• _Work instruction_: Give every entry again, unchanged, and leave its images out.

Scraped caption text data
################

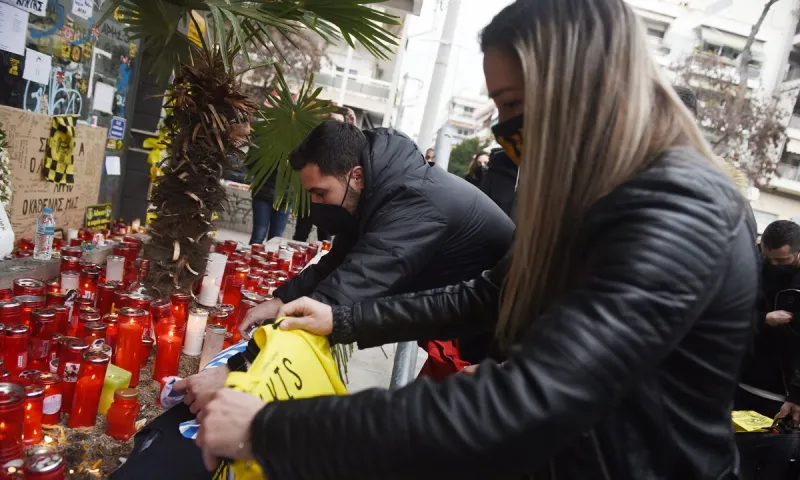 Δολοφονία Άλκη στη Θεσσαλονίκη: Άθλια παιχνίδια παραγόντων πάνω στο πτώμα ενός 19 χρονου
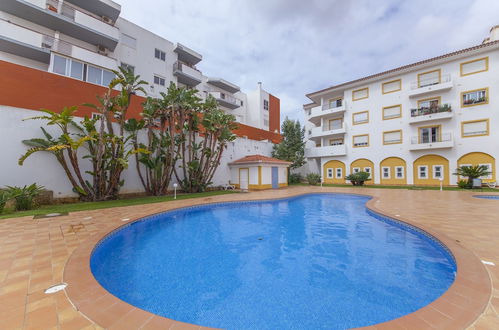 Photo 21 - B41 - Windmill Modern with Pool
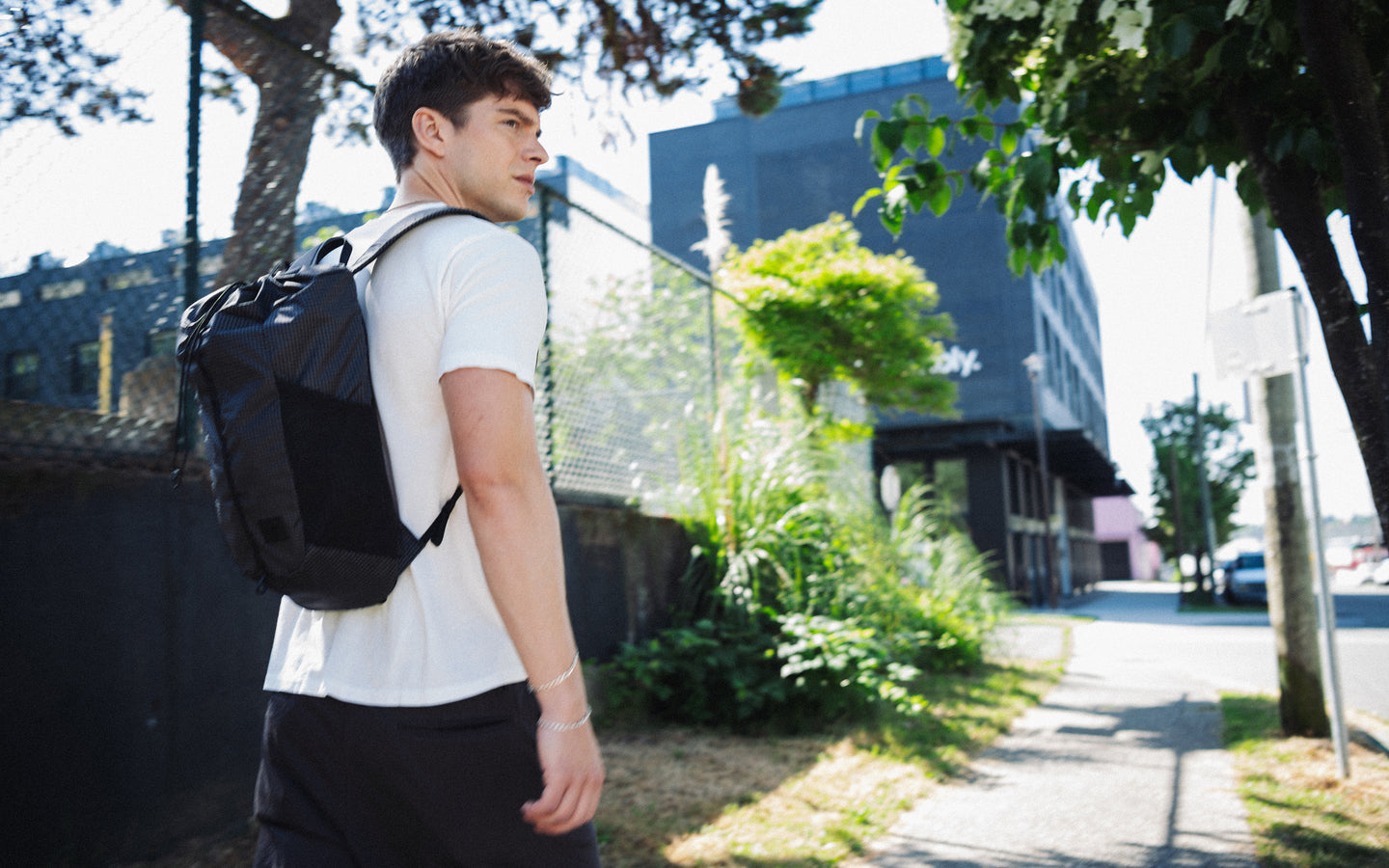Herschel Supply Co. Ultralight Cinch Daypack 14L in Black.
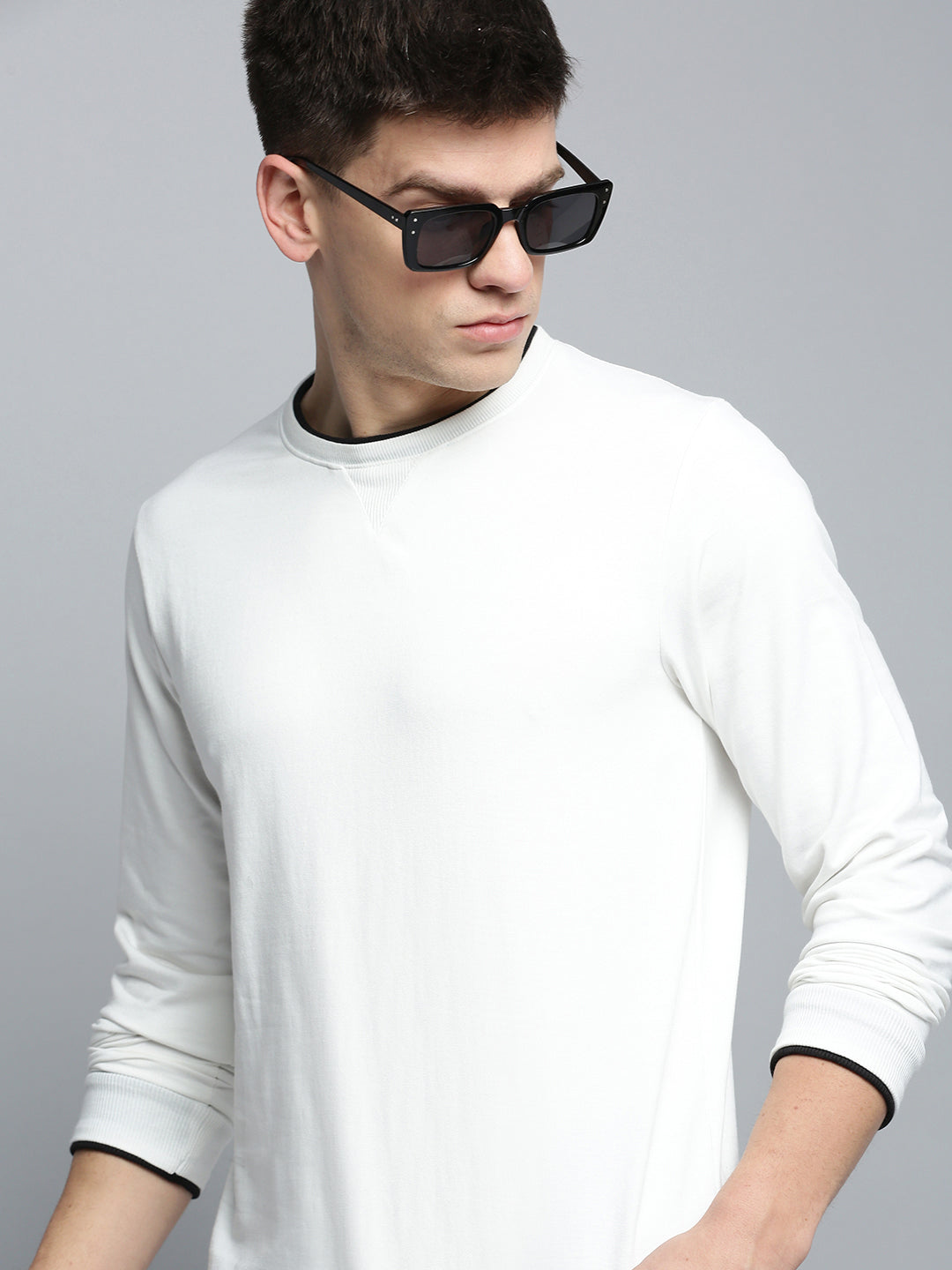 Men's White Solid Casual Sweatshirt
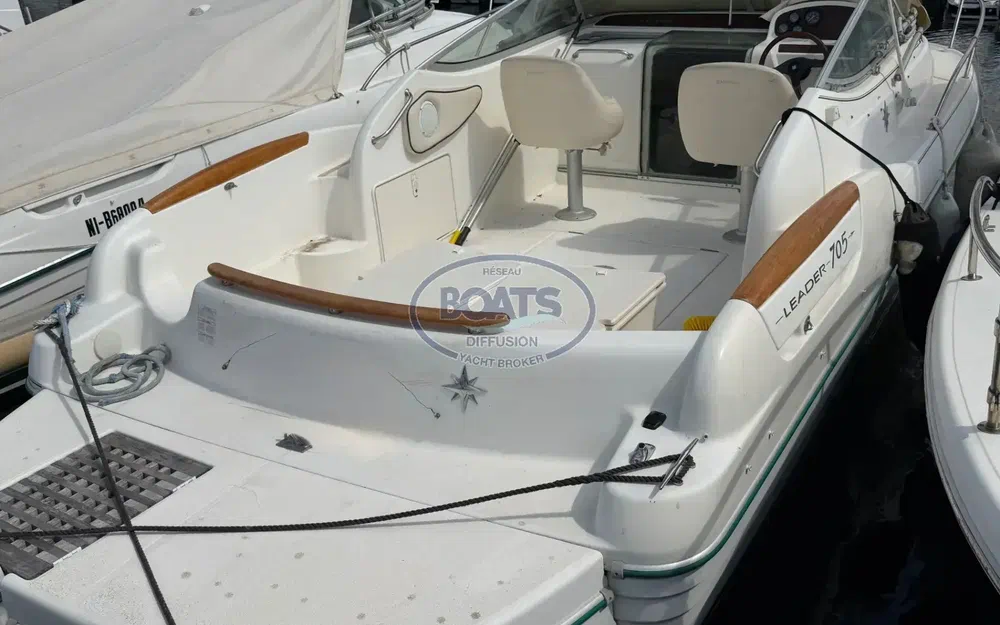 slider 2 Jeanneau Leader 705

################

• _Final answer_:
 Δολοφονία Άλκη στη Θεσσαλονίκη: Άθλια παιχνίδια παραγόντων πάνω στο πτώμα ενός 19 χρονου
 Photo 21 - B41 - Windmill Modern with Pool
Herschel Supply Co. Ultralight Cinch Daypack 14L in Black.
 Men's White Solid Casual Sweatshirt
 slider 2 Jeanneau Leader 705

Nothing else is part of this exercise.